I think it is important that we acknowledge the various ways that our Maori people are engaged in this development cycle, whether through government or not – our people are not idle, we are active participants in our own development.


If I were to reflect on some of my experiences over the last 50 years, I can see how far we have come as a people. We have made small steps towards reviving our culture, our language and our people over time. Looking back now, those seem giant steps.

Take for example Iwi. Prior to the 1980’s the Governments of the day did not give Iwi and Hapu the time of day. We had Maori who were ashamed of their identity, and Maori who did not know their iwi. We now have a situation where everyone wears their iwi flag proudly, and where iwi influence can be seen across all areas of the community, on an international stage, and throughout all of Government.

We now have an Iwi Leaders Forum – where elected Iwi Chairpersons come together to progress common aspirations and issues.
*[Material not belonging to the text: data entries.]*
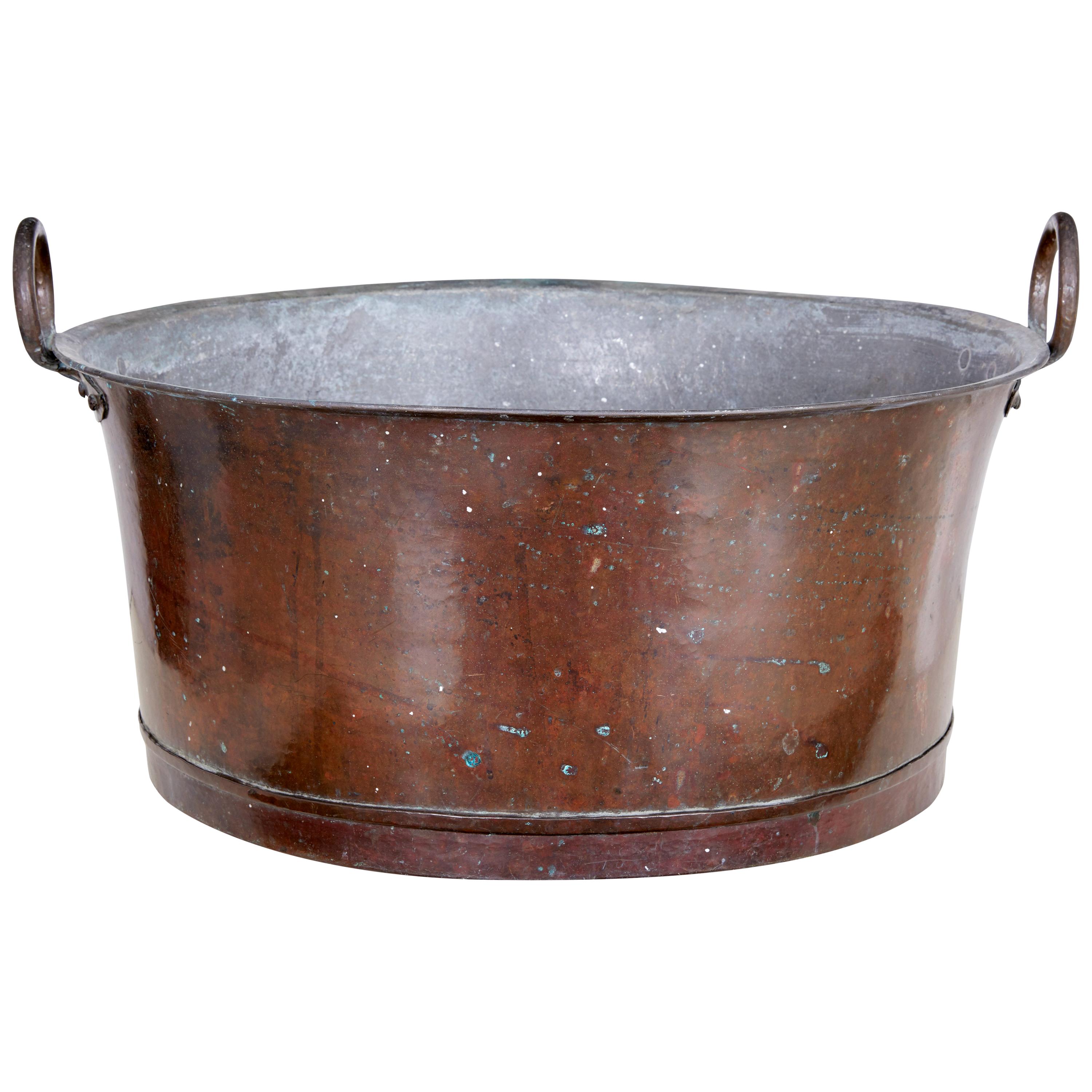 Late 19th Century Large Copper Cooking Vessel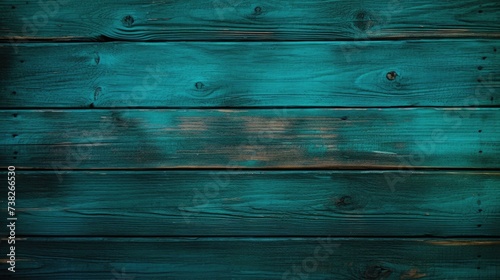 Colorful rich teal background and texture of wooden boards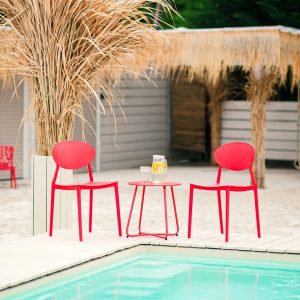 George Oliver Garden chair set of four, white, kitchen chairs, plastic, stacking chairs, balcony chair, outdoor chair red 80.5 H x 41.0 W x 51.0 D cm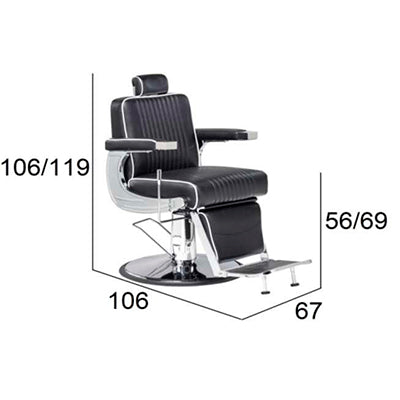Sillón de Caballero Valerio – Reclinable, hidráulico y elegante acabado cromado
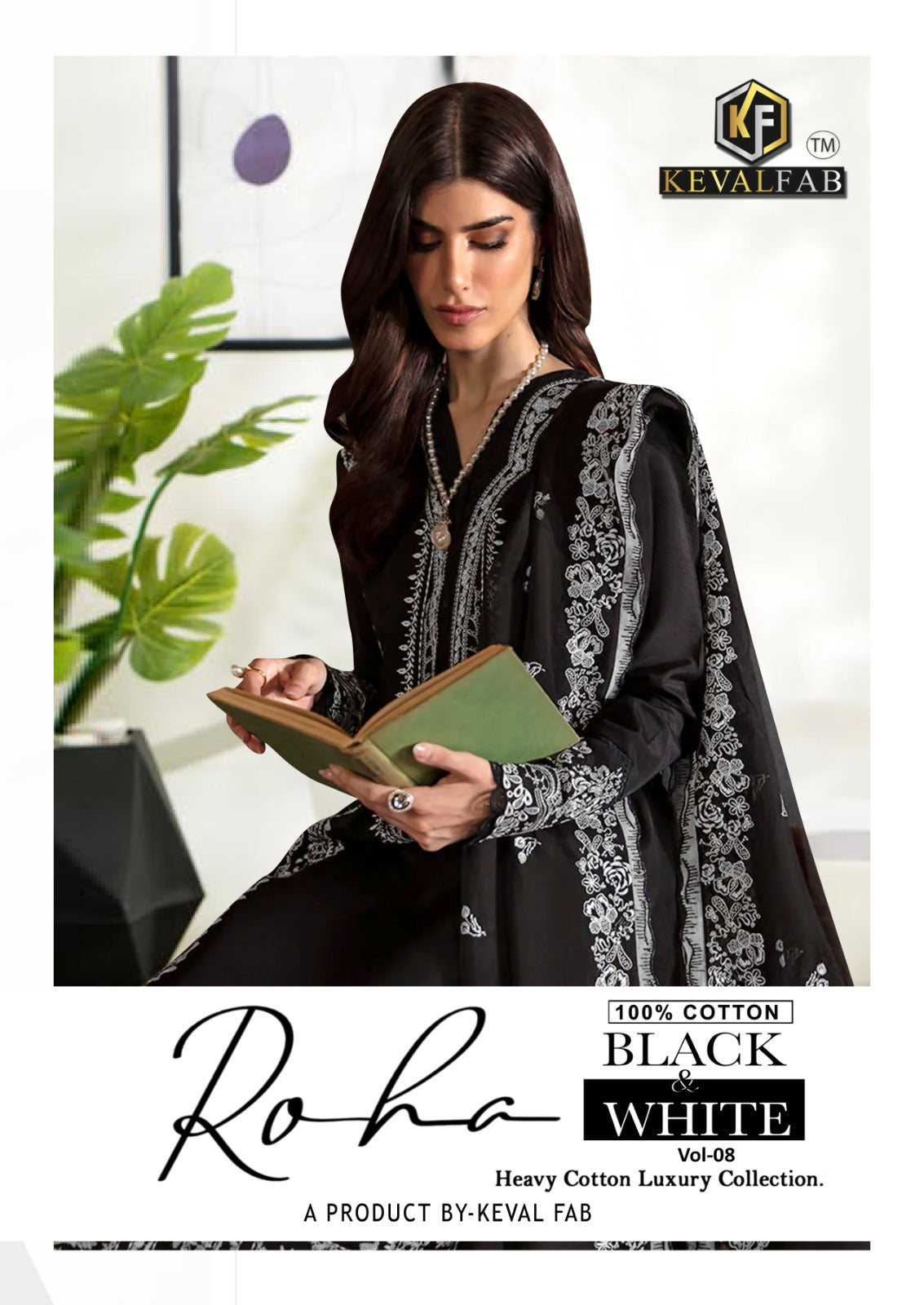 Roha Black And White Vol 8 Keval Fab Heavy Cotton Karachi Readymade Suits Wholesaler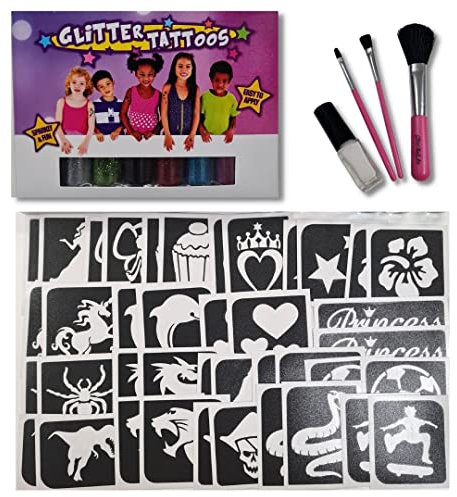 Girls and Boys Glitter Tattoo Kit - Temporary Tattoo Stencils for kids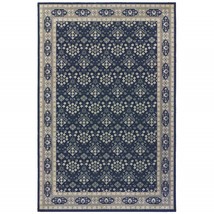 HomeRoots 388742 5 x 8 ft. Navy &amp; Gray Floral Ditsy Area Rug - £243.69 GBP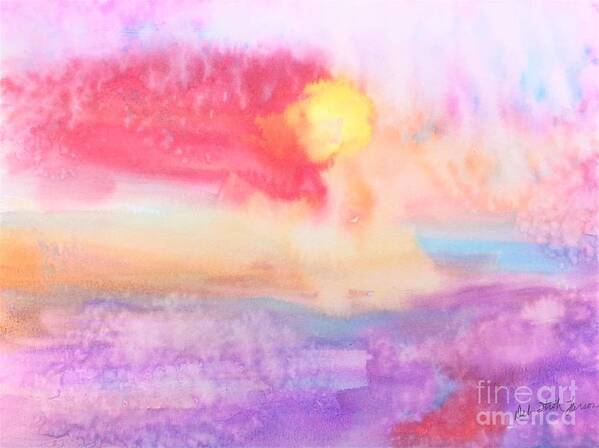 Water Poster featuring the painting Pink Painted Sky by Deb Stroh-Larson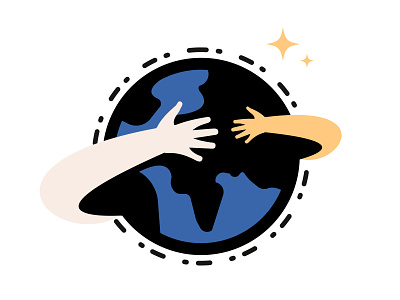 Charity/Earth/Nature Logo {For Sale} arms badge benefit buy care charity continents earth environment etsy hand help hug icon logo nature sale space stars travel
They have established a ‘rangatira ki te rangatira’ relationship with the Prime Minister and his senior Cabinet Ministers. This was evident today where John Key, and fellow Cabinet Ministers, including Tariana and myself met with the Forum. We as Maori imagined this many decades ago, but to stand here, to participate, and then to reflect about these achievements – just reminds me how far we have come.

While Iwi have developed, to be modern power houses, some of our people have been critical. And I would like to quickly address some of the criticisms of this forum now. Some call this Iwi Chairs Forum elitist, some think that is about pushing private agenda’s behind closed doors. I believe this is inaccurate. This forum is a collaborative tikanga Maori space where our modern rangatira, elected Chairs from around the motu, can come together to grow and advance the interests of their individual iwi, who they represent.

In the case of the Maori Party, some have also been suggested that we given way to this Forum on some critical issues. Well, let us consider the issues the Iwi Leaders Forum are working with government on – foreshore and seabed, water, aquaculture, emissions trading, forestry and resource management. It does not take much to observe that these are policies relating to natural resources – resources that belong to Iwi.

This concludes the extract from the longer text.